While the exact division of labor among the members of the committee is difficult to determine, it is clear that in the early stages of the work Muhlenberg played a most significant role. In shaping a hymnal for the German Lutherans in America, Muhlenberg, while retaining a strong confessional concern, drew from the sources that were at hand and with which he was acquainted. . . .
The Halle hymnbook provided both the pattern for the arrangement of the hymnal as well as the source for the bulk of the hymnody itself. The Ministerium meeting in York, Pennsylvania, in June 1784 resolved to print 1,000 copies of the book, that the account of the Destruction of Jerusalem and Luther’s Catechism remain without additions, that the Litany be transferred to the Prayer Book, and that the Preface prepared by the Senior Muhlenberg be printed unchanged, except for a slight addition from Pliny regarding the hymns of the early Christians.
The time it took for the hymnal to appear in printed form was hardly equal to the speed with which it had been compiled. There were problems with the printer, and a committee addressed the problems of shortening and altering some of the hymns. . . . On October 20, 1786, Muhlenberg received from Helmuth a copy of the portrait of Martin Luther which was to be used as the frontispiece for the hymnal. Sometime later that fall the hymnal appeared as the Erbauliche Liedersammlung zum Gottesdienstlichen Gebrauch in den Vereinigten Evangelisch Lutherischen Gemeinen in Nord-America, the first German Lutheran hymnbook to be made and published in America, containing 706 hymns. . . .
Muhlenberg’s Erbauliche Liedersammlung was a hymnal born in the period of pietism which, nevertheless, still retained a healthy concern for orthodoxy. It made significant provision for the church year, and breathed a warm and churchly spirit. Some 64 years after its appearance as conservative a journal as Der Lutheraner, edited by C. F. W. Walther of the Evangelical Lutheran Synod of Missouri, Ohio, and Other States, could speak of it with high praise.
Our Lord speaks and we listen.
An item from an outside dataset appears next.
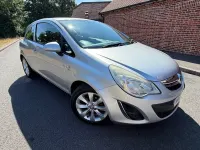 Used Vauxhall Corsa Active 2012 Silver Hatchback
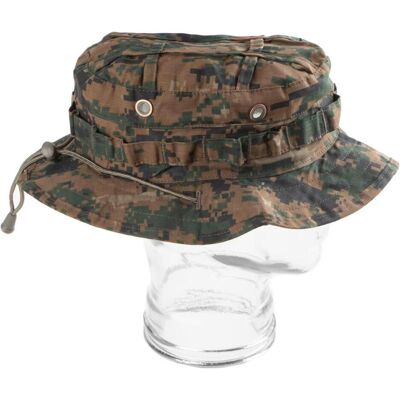 Invadergear, Unisex, Hut, Boonie Mod 2, Grün, Mehrfarbig, Schwarz, Braun, Grau, (L) Invadergear, Unisex, Hut, Boonie Mod 2, Grün, Mehrfarbig, Schwarz, Braun, Grau, (L)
His Word bestows what it says. Faith that is born from what is heard acknowledges the gifts received with eager thankfulness and praise. Music is drawn into this thankfulness and praise, enlarging and elevating the adoration of our gracious giver God.
Saying back to him what he has said to us, we repeat what is most true and sure. Most true and sure is his name, which he put upon us with the water of our Baptism. . . . Before him we acknowledge that we are sinners, and we plead for forgiveness. His forgiveness is given us, and we, freed and forgiven, acclaim him as our great and gracious God.